** Opening Supplied information block **

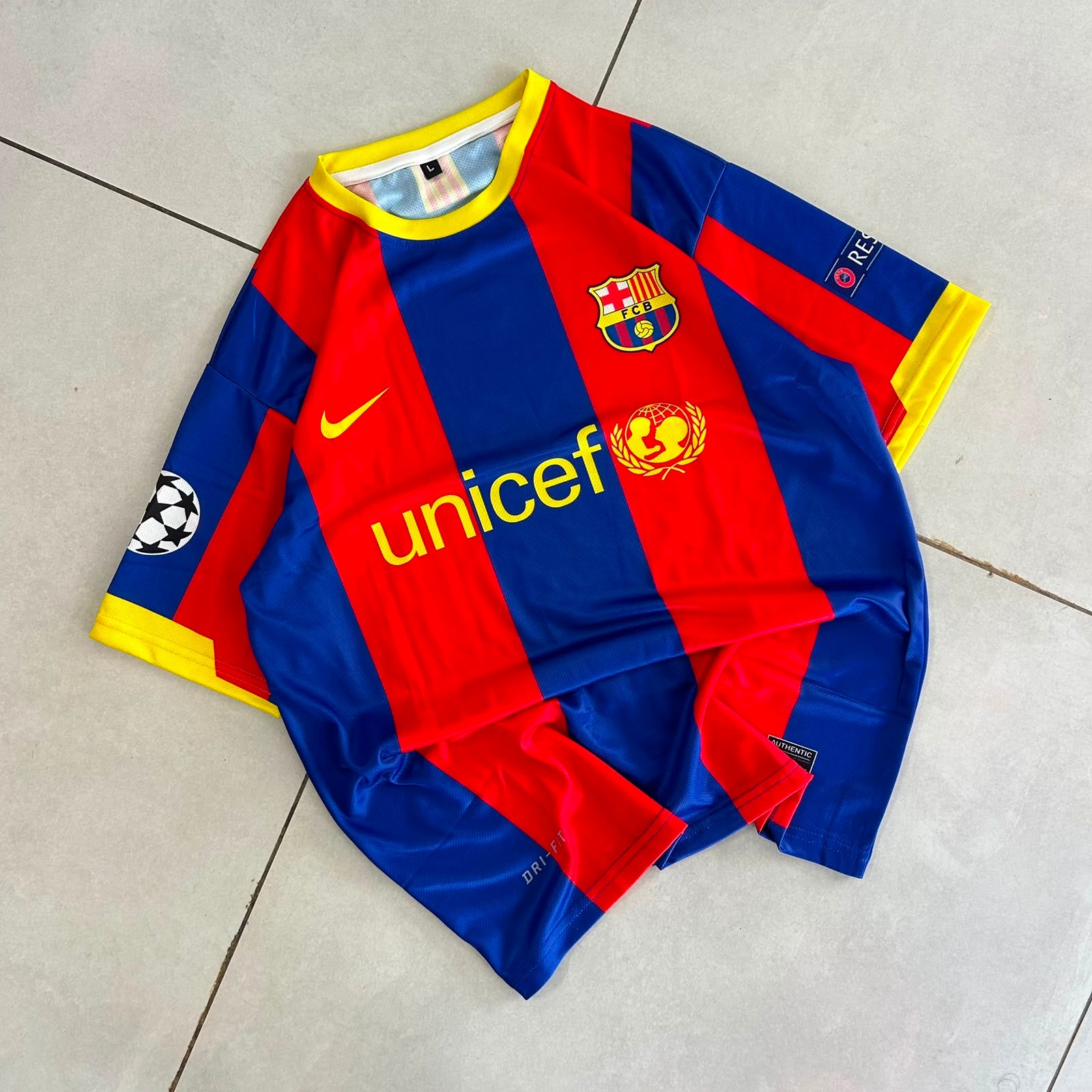 MESSI FC BARCELONA 2010-11 EMBROIDERY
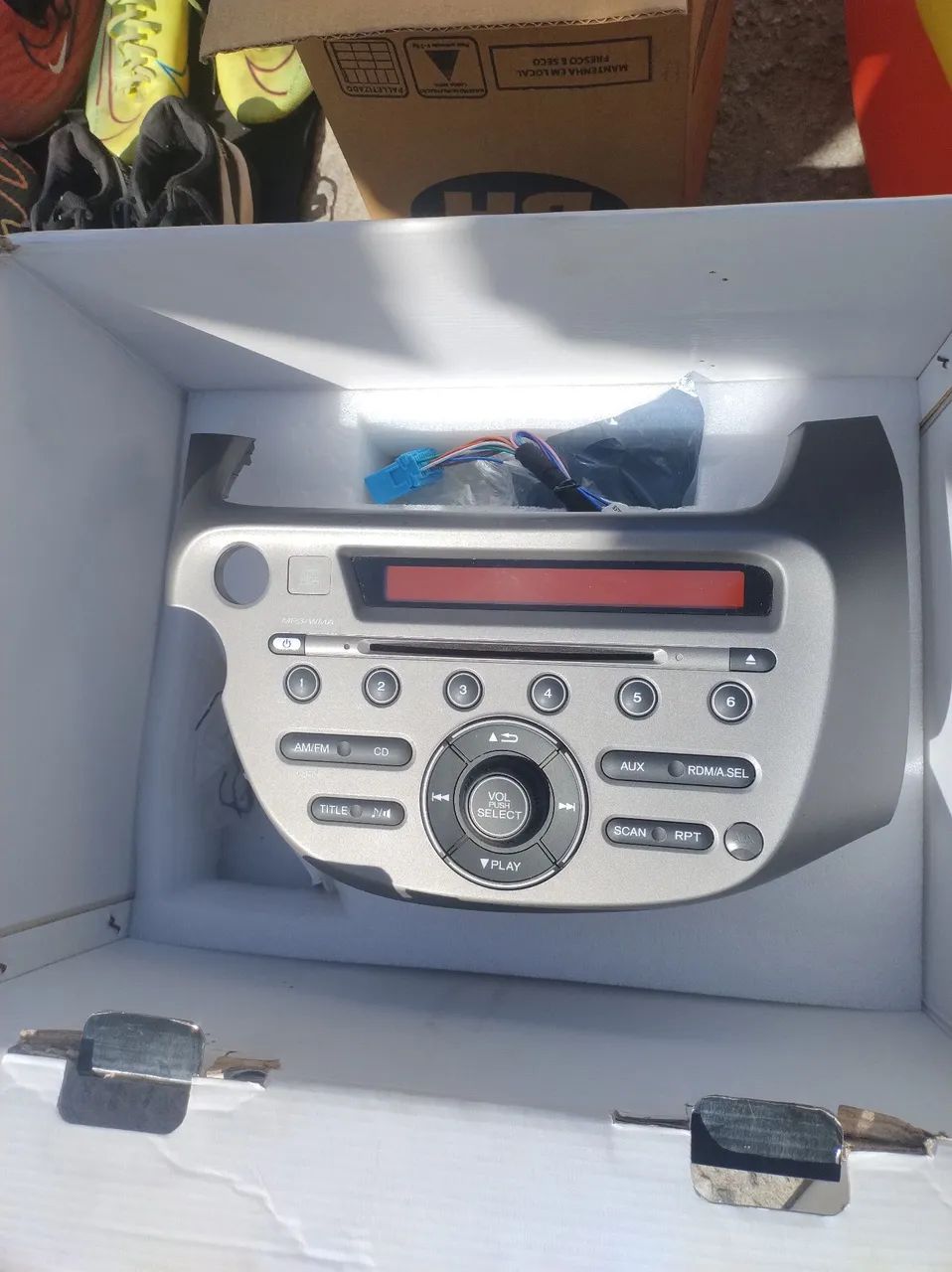 Rádio original Honda fit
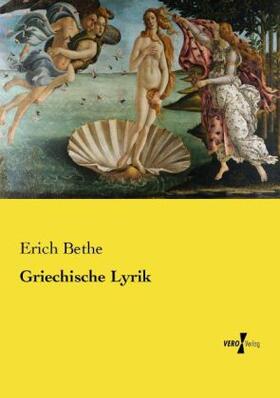 Bethe |  Griechische Lyrik | Buch |  Sack Fachmedien
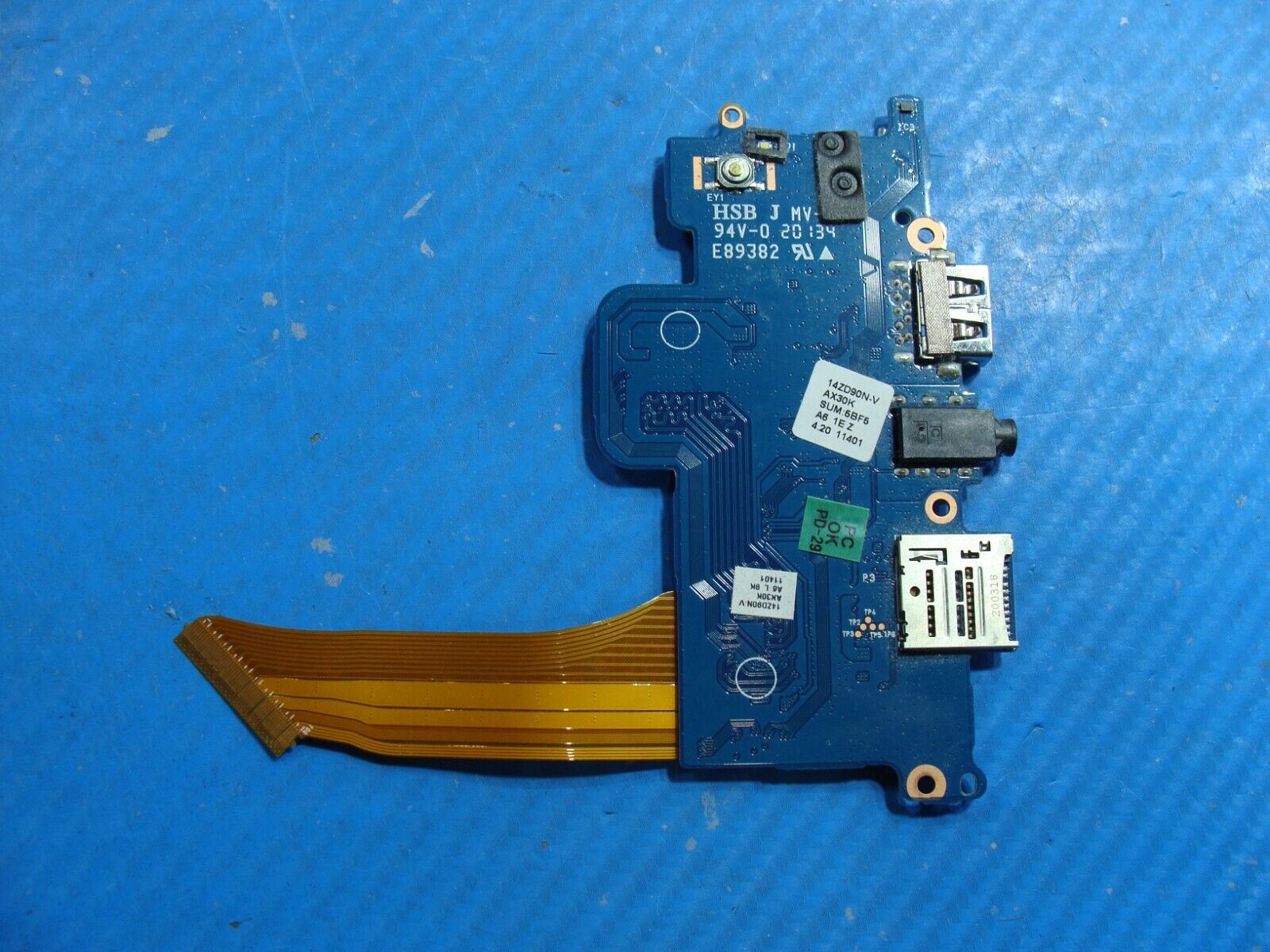 LG Gram 14” 14Z90N-U.ARW5U1 Genuine Laptop USB Audio Board w/Cable EAX69018106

** Closing Supplied information block **

* [Work order]:
What is needed is a verbatim copy of the lines running from the one with "Rádio original Honda fit" through the last line of the listing above, excluding any pictures.

* [Solution for this exercise]:
 Rádio original Honda fit
 Bethe |  Griechische Lyrik | Buch |  Sack Fachmedien
 LG Gram 14” 14Z90N-U.ARW5U1 Genuine Laptop USB Audio Board w/Cable EAX69018106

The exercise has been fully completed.